What you apparently want is a monotonic interpolation scheme. As mentioned already, fitting a single polynomial to your data will result in an interpolant that does not necessarily satisfy your constraints. Using a piecewise polynomial function (a function that has a different polynomial representation at each interval) should do a better job.

Classically, the most-used class of piecewise polynomial functions is the piecewise cubic Hermite interpolant, whose representation in an interval $[x_i,x_{i+1}]$ looks like

$y_i+y_i^{\prime}\left(x-x_i\right)+c_i\left(x-x_i\right)^2+d_i\left(x-x_i\right)^3$

where

$c_i=\frac{3s_i-2y_i^\prime-y_{i+1}^\prime}{x_{i+1}-x_i}$

$d_i=\frac{y_i^\prime+y_{i+1}^\prime-2s_i}{\left(x_{i+1}-x_i\right)^2}$

$s_i=\frac{y_{i+1}-y_i}{x_{i+1}-x_i}$

and ${y_i^\prime,y_{i+1}^\prime}$ are the slopes (derivative values) of your interpolant at the corresponding points $(x_i,y_i)$, $(x_{i+1},y_{i+1})$.

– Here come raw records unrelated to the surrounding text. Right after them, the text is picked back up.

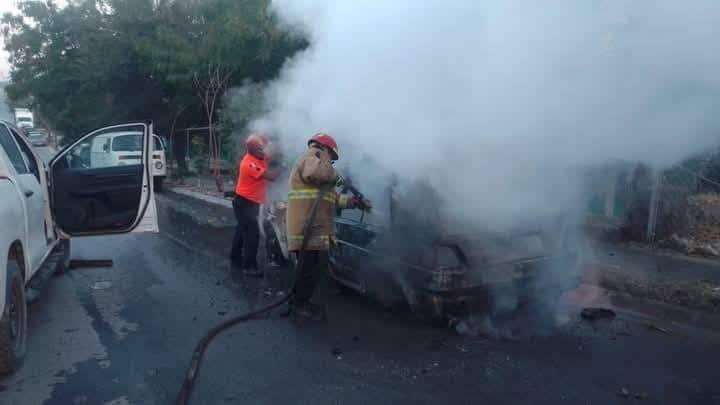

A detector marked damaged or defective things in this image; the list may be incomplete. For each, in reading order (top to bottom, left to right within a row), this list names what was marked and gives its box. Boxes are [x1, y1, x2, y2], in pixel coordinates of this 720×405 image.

burned car [262, 180, 584, 322]
charred car body [266, 178, 584, 320]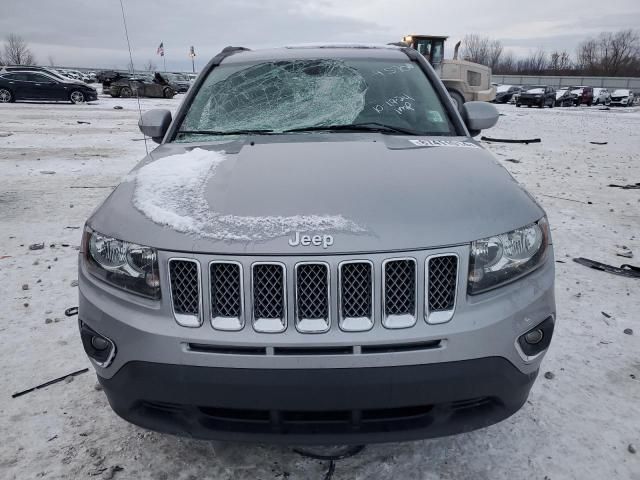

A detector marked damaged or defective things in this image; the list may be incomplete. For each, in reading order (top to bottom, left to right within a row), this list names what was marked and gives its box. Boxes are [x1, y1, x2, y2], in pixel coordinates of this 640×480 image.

damaged vehicle [109, 73, 175, 98]
shattered windshield [175, 57, 456, 142]
crumpled hood [87, 135, 544, 255]
damaged vehicle [77, 46, 556, 446]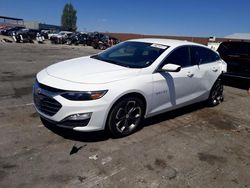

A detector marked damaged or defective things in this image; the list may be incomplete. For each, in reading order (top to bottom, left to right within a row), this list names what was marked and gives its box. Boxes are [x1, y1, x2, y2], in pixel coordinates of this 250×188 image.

damaged vehicle in background [33, 39, 227, 137]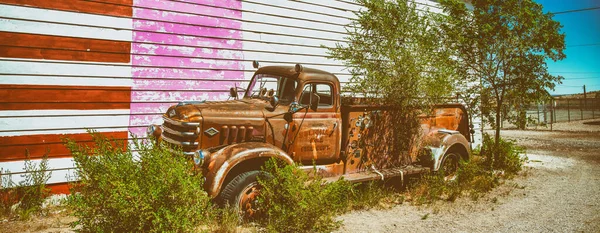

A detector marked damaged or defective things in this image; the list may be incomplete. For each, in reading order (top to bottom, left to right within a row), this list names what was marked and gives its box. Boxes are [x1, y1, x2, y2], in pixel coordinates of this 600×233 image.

rusted fender [203, 141, 294, 198]
rusty truck [146, 62, 474, 217]
rusted fender [428, 130, 472, 172]
rusty tire [440, 151, 460, 182]
rusty tire [218, 170, 264, 219]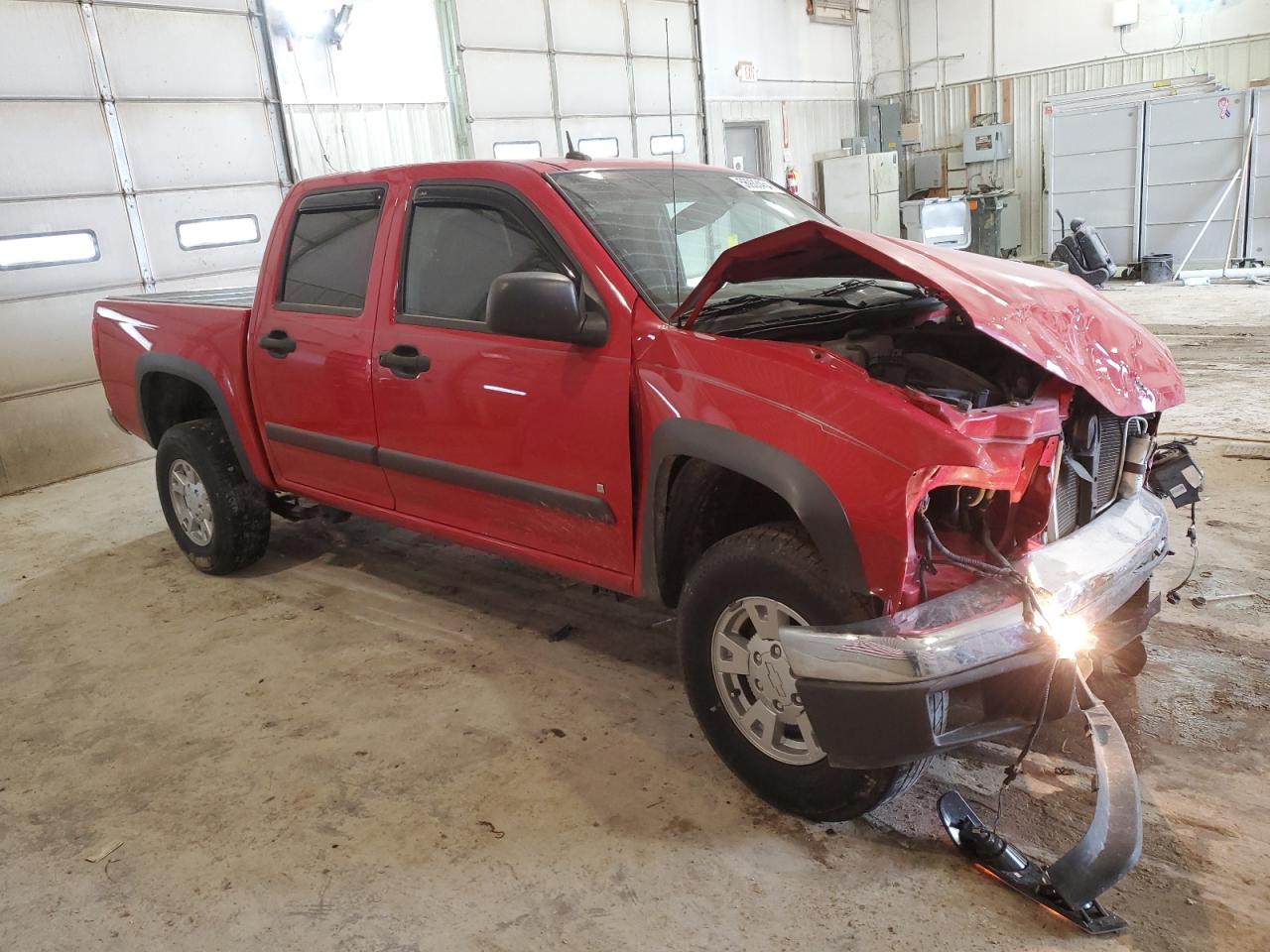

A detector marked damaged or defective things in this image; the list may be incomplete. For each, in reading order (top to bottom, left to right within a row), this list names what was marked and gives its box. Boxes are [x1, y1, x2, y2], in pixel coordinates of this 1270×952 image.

crumpled hood [681, 225, 1183, 418]
detached bumper cover [782, 495, 1168, 772]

Now, you will rightly ask, "how do I determine the $y_i^\prime$?" There are a number of schemes to do this: one of the most popular is the cubic spline, which imposes the additional constraint that the interpolant have two continuous derivatives. The problem with this approach is that there can still be extraneous wiggles in your interpolant.

One approach to ensure the monotonicity (i.e. the curve representing your data to fit against has no spurious wiggles) of your piecewise cubic Hermite interpolant is to use the Stineman scheme. The formula for computing slopes is a bit more elaborate, so I'll just have to refer you to the paper. As an aside, Stineman also proposes a rational interpolant you can use with the slope determination scheme in the linked paper; you can try that one instead if for some reason using a piecewise Hermite cubic is unsatisfactory.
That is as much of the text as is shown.